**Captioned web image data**
○ ○ ○

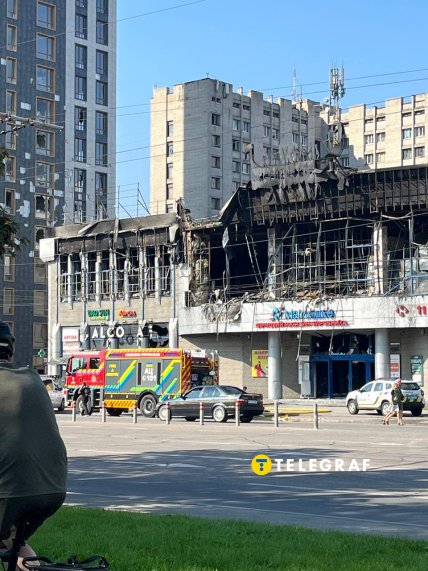 Что осталось от ТЦ Новый континент в Днепре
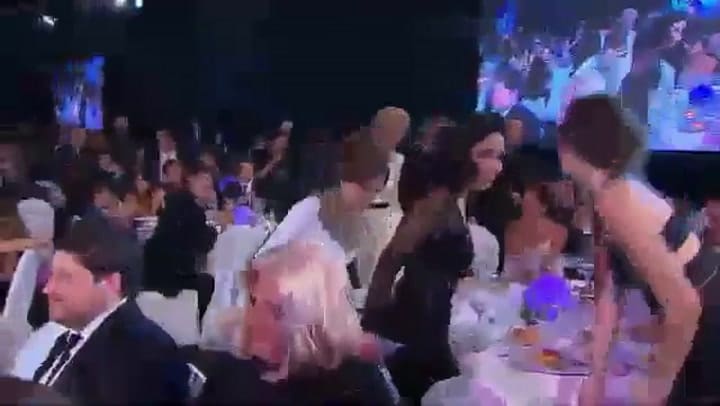 La estatuilla al Mejor Programa Juvenil, por Aliados
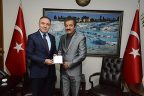 Vali Altıparmak duygu seline kapıldı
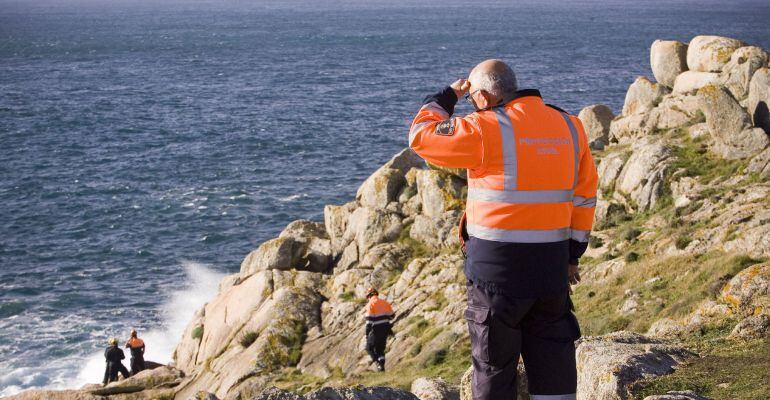 Un equipo a bordo del Helimer, otro de la Salvamar Río Xallas, que ya dio el relevo al que comandaba la embarcación de la Guardia Civil, bomberos de Ferrol y quince voluntarios de Protección Civil mantienen la búsqueda de un hombre que cayó al agua en el 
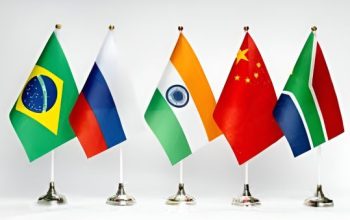 Ilustrasi BRICS dengan simbol ekonomi global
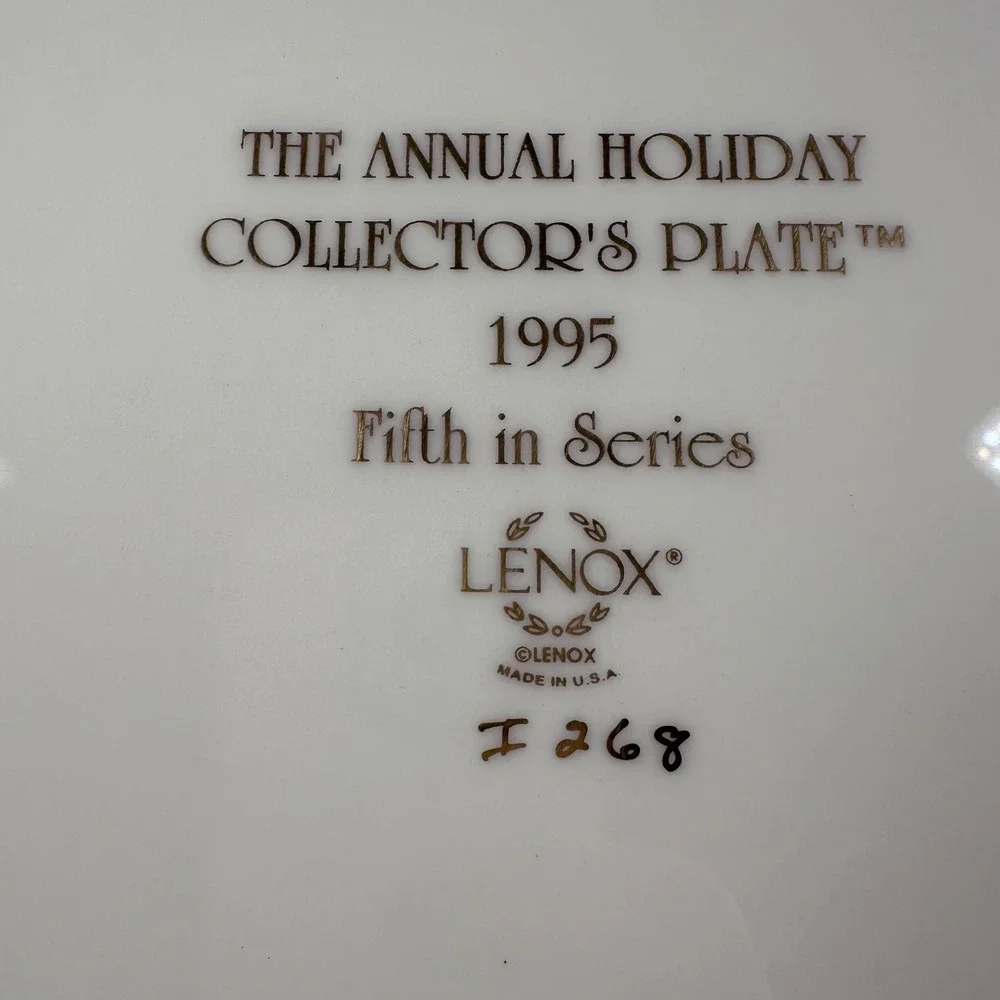 Lenox 1995 Annual Holiday Collectors Plate Fifth in Series Toy Shop Gold Trim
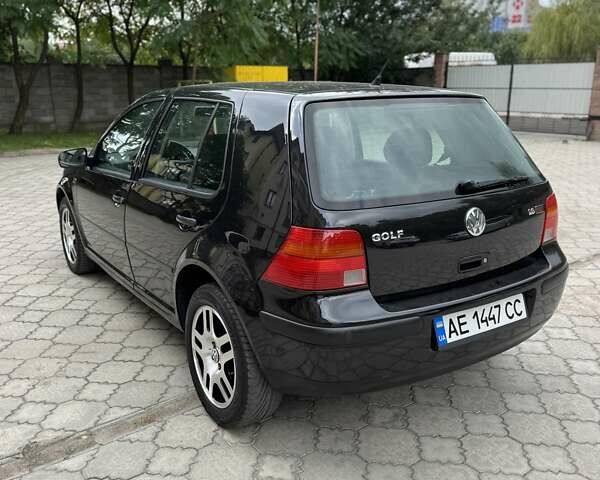 Черный Фольксваген Гольф, объемом двигателя 1.6 л и пробегом 253 тыс. км за 3999 $, фото 6 на Automoto.ua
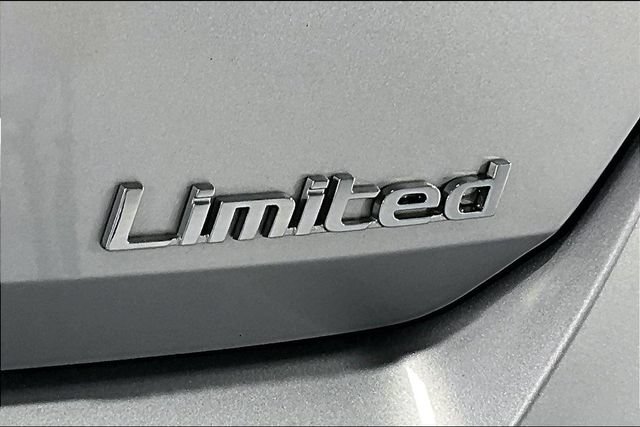 Used 2023 Hyundai Elantra Limited FWD image 23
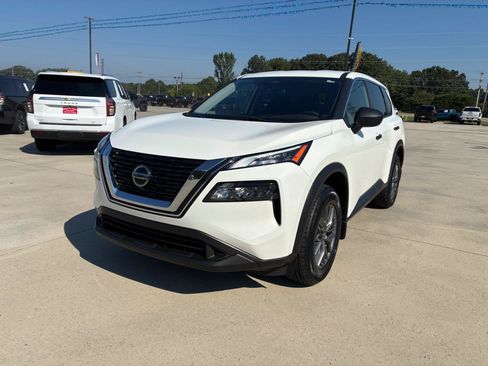 Used 2021 Nissan Rogue S FWD image 2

○ ○ ○

**Aim of the exercise**
Please transcribe all of the entries word for word, with the pictures left out.

**Exercise output**
 Что осталось от ТЦ Новый континент в Днепре
 La estatuilla al Mejor Programa Juvenil, por Aliados
 Vali Altıparmak duygu seline kapıldı
 Un equipo a bordo del Helimer, otro de la Salvamar Río Xallas, que ya dio el relevo al que comandaba la embarcación de la Guardia Civil, bomberos de Ferrol y quince voluntarios de Protección Civil mantienen la búsqueda de un hombre que cayó al agua en el 
 Ilustrasi BRICS dengan simbol ekonomi global
 Lenox 1995 Annual Holiday Collectors Plate Fifth in Series Toy Shop Gold Trim
 Черный Фольксваген Гольф, объемом двигателя 1.6 л и пробегом 253 тыс. км за 3999 $, фото 6 на Automoto.ua
 Used 2023 Hyundai Elantra Limited FWD image 23
 Used 2021 Nissan Rogue S FWD image 2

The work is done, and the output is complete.